SeqFirst: Building equity access to a precise genetic diagnosis in critically ill newborns
- PMID: 39999847
- PMCID: PMC11947171
- DOI: 10.1016/j.ajhg.2025.02.003
SeqFirst: Building equity access to a precise genetic diagnosis in critically ill newborns
Abstract
Access to a precise genetic diagnosis (PrGD) in critically ill newborns is limited and inequitable because the complex inclusion criteria used to prioritize testing eligibility omit many patients at high risk for a genetic condition. SeqFirst-neo is a program to test whether a genotype-driven workflow using simple, broad exclusion criteria to assess eligibility for rapid genome sequencing (rGS) increases access to a PrGD in critically ill newborns. All 408 newborns admitted to a neonatal intensive care unit between January 2021 and February 2022 were assessed, and of 240 eligible infants, 126 were offered rGS (i.e., intervention group [IG]) and compared to 114 infants who received conventional care in parallel (i.e., conventional care group [CCG]). A PrGD was made in 62/126 (49.2%) IG neonates compared to 11/114 (9.7%) CCG infants. The odds of receiving a PrGD were ∼9 times greater in the IG vs. the CCG, and this difference was maintained at 12 months follow-up. Access to a PrGD in the IG vs. CCG differed significantly between infants identified as non-White (34/74, 45.9% vs. 6/29, 20.7%; p = 0.024) and Black (8/10, 80.0% vs. 0/4; p = 0.015). Neonatologists were significantly less successful at predicting a PrGD in non-White than non-Hispanic White infants. The use of a standard workflow in the IG with a PrGD revealed that a PrGD would have been missed in 26/62 (42%) infants.
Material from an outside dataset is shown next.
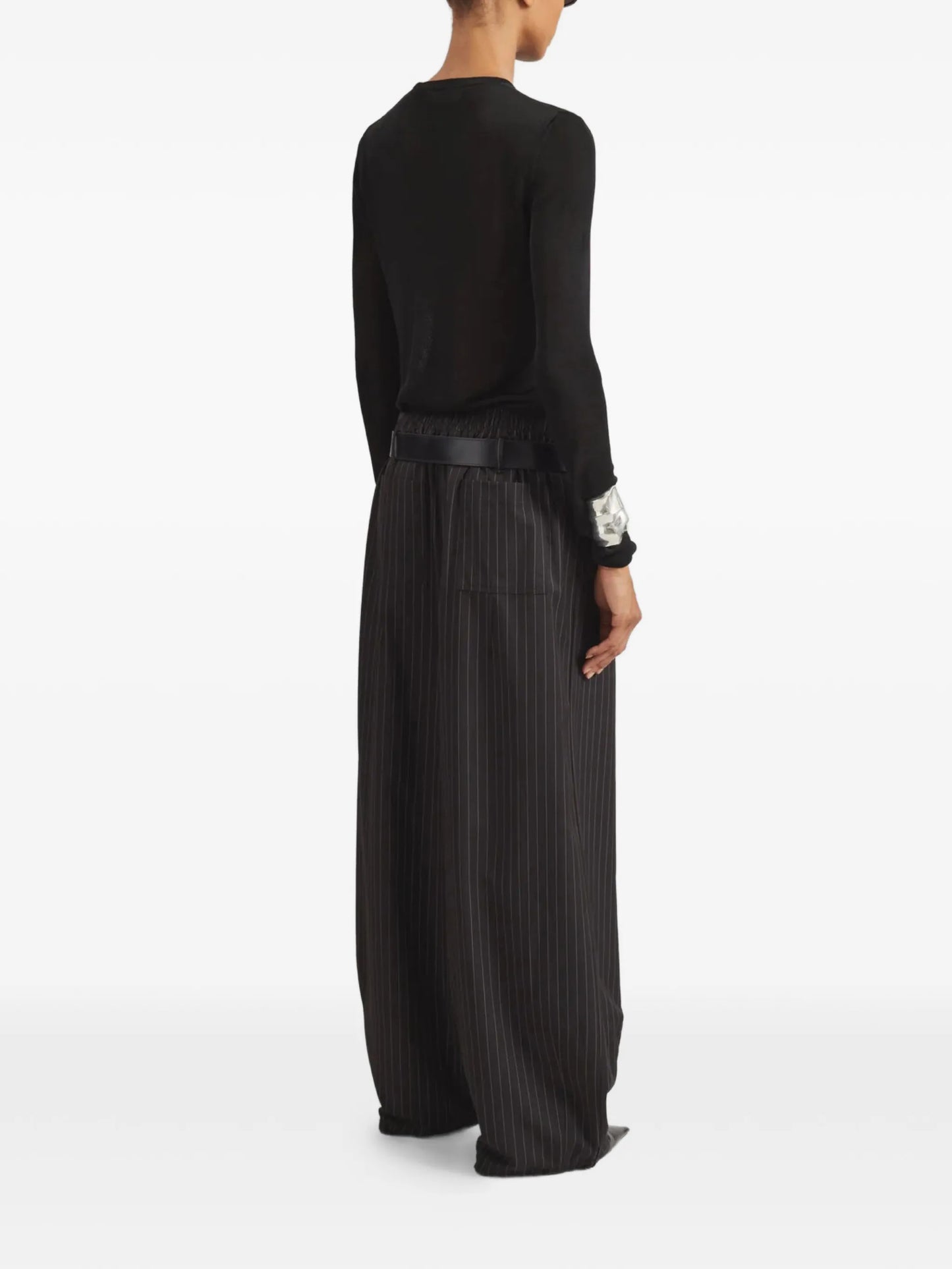 Oakdale pinstripe belted palazzo pants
The use of simple, broad exclusion criteria that increase access to genetic testing significantly increases access to a PrGD, improves access equity, and results in fewer missed diagnoses.
Keywords: equity; genetic diagnosis; health disparity; rapid whole-genome sequencing; rare disease.
Copyright © 2025 The Authors. Published by Elsevier Inc. All rights reserved.
Conflict of interest statement
Declaration of interests M.J.B. is on the scientific advisory board of GeneDx and has research agreements with GeneDx, Illumina, Inc., and PacBio, Inc. All GeneDx authors are/were employed by and may own stock in GeneDx, Inc. D.L.V. has served as a consultant to Illumina, Inc. D.E.M. is engaged in a research agreement with Oxford Nanopore Technologies (ONT). ONT has paid for D.E.M. to travel to speak on their behalf. D.E.M. holds stock options in MyOme.